Again, in affliction we are called to pray, as more intensively, so more extensively; I mean longer and oftener. Thus I find that our Saviour, rendered by Lucas Brugensis and others, prolixius orabat—he prayed longer, that is, he spent more time than ordinary in it. Thrice one after another we find him at it, Matt. 26:44. His agony was great and the waves of his affliction violent, and therefore he doubles, yea trebles, his prayer with deep sighs and strong cries to his Father. Nature never strains so to its utmost, as when it is oppressed; then temples work, lungs heave, and heart pants; so in affliction the spirit of prayer should be increased and intended.
Season 4. When the Christian is buffeted with any temptation, or overpowered with a corruption, and cannot, with the use of ordinary means, quench the one or master and mortify the other. If the short dagger of ordinary prayer will not reach the heart of a lust, then it is time to draw out this long sword of extraordinary prayer upon it. There is a ‘kind’ of devils, our Saviour tells us, that ‘goes not out but by prayer and fasting,’ Matt. 17:21. You know the occasion of this speech was that complaint of one concerning his lunatic son, ‘I brought him to thy disciples and they could not cure him.’ Thus some poor souls complain they have come to the word preached so long, in their daily prayers begged power over such a lust, resolved against it many a time, and none of these means could cure it; what can they now do more? Here thou art told. Bring thy condition to Christ in this solemn ordinance of prayer and fasting; this hath at last been the happy means to strengthen many a poor Christian to be avenged on those spiritual enemies which have outbraved all the former, and like Samson to pull down the devil’s house upon his head.
Season 5. When sin doth abound more than ordinary in the times and places we live in. Sinning times have ever been the saints’ praying times. This sent Ezra with a heavy heart to confess the sin of his people, and to bewail their abominations before the Lord, Ezra 9. And Jeremiah tells the wicked rout of his degenerate age that his ‘should weep in secret places for their pride,’ Jer. 13:17. Indeed sometimes sin comes to such a height and insolence, that this is almost all the godly can do, to get into a corner and bewail the general pollutions of the present age; as he told Luther, abi, frater, in cellam et dic miserere Domine—go, brother, into a cell and bewail. ‘If the foundations be destroyed, what can the righteous do?’ Ps. 11:3. Such dismal days of national confusion our eyes have seen, when foundations of government were destroyed, and all hurled into a military confusion. When it is thus with a people, what can the righteous do? Yes, this they may, and should do, ‘fast and pray.’ There is yet a God in heaven to be sought to, when a people's deliverance is thrown beyond the help of human policy or power. Now is the fit time to make their appeal to God, as the words following hint, ‘The Lord is in his holy temple, the Lord’s throne is in heaven,’ ver. 4; in which words God is presented sitting in heaven as a temple, for their encouragement, I conceive, in such a desperate state of affairs, to direct their prayers thither for deliverance. And certainly this hath been the engine that hath been above any instrumental to screw up this poor nation again, and set it upon the foundation of that lawful government from which it was so dangerously slid.

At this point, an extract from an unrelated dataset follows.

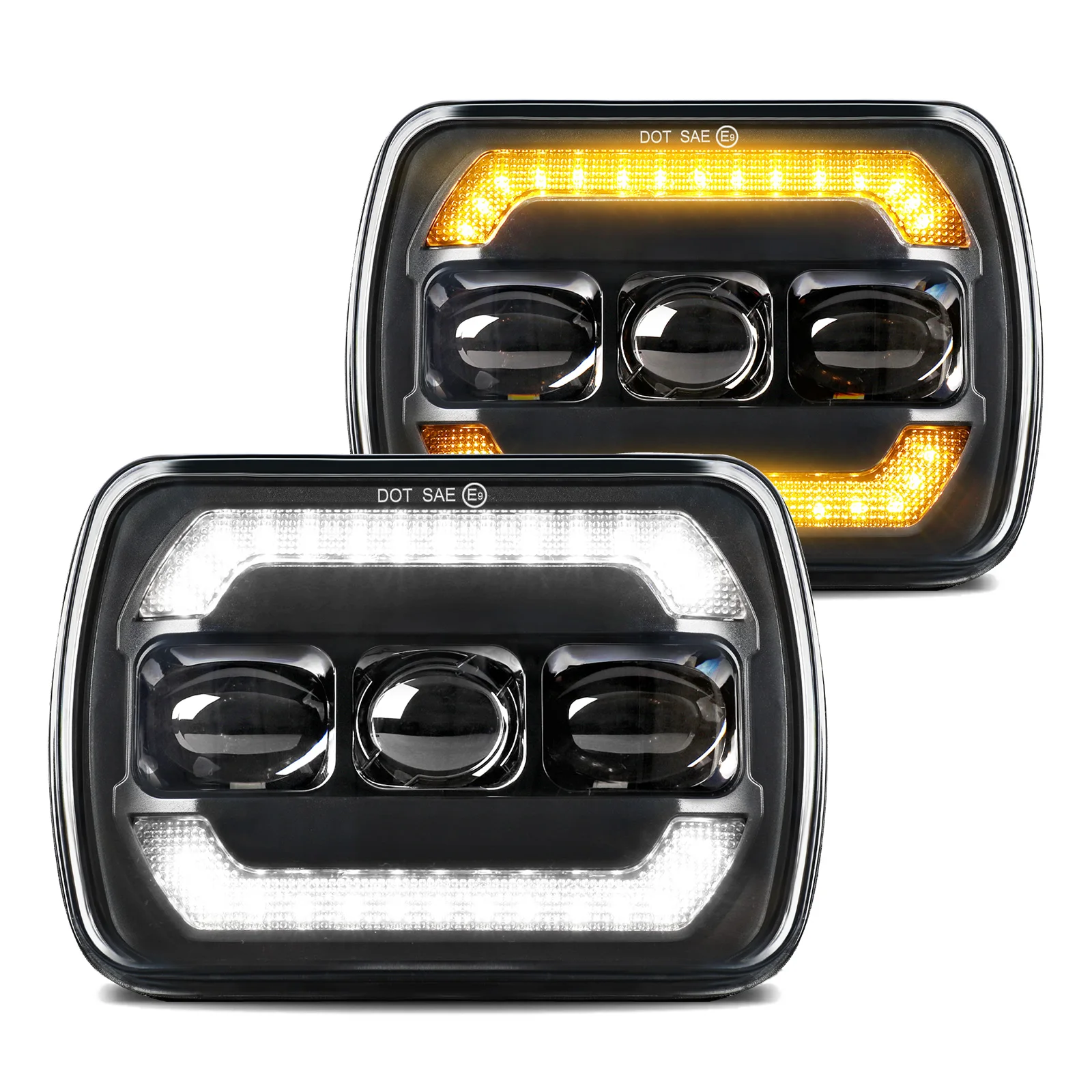 Fari LED da 5x7 pollici 7x6 '' H6054 Fascio sigillato per Jeep Cherokee XJ Wrangler YJ Ford Chevy GMC Toyota NH6054 issan Dodge MJ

Season 6. To name no more, times of great expectation are times for extraordinary prayer. When the people of God have been big with expectation of great mercies approaching, then have they been more abounding in prayer. As the cocks crow thickest towards break of day, so the saints, the nearer they have apprehended the accomplishment of promises made to his church, the more instant they use to be in prayer. When a woman with child her reckoning is near out, then she desires her midwife to be at hand. And prayer hath had the name of old for its excellent usefulness to obstetricate mercies. ‘The children are come to the birth,’ saith good Hezekiah; and then he desires the help of the prophet’s prayer for the fair delivery of it: ‘Lift up thy prayer for the remnant that is left,’ Isa. 37:3, 4. When Daniel the prophet had learned by study that the happy period of the seventy years' captivity, bound upon the Jews’ neck for their sin, was now at hand, Dan. 9:1, then in an extraordinary manner he sets himself to pray and afflict his soul before the Lord. And we have reason to hope that spiritual Babylon—Rome, I mean—is not long‑lived; it is high time therefore that the saints should fall more earnestly than ever to dig her grave for her by their prayers.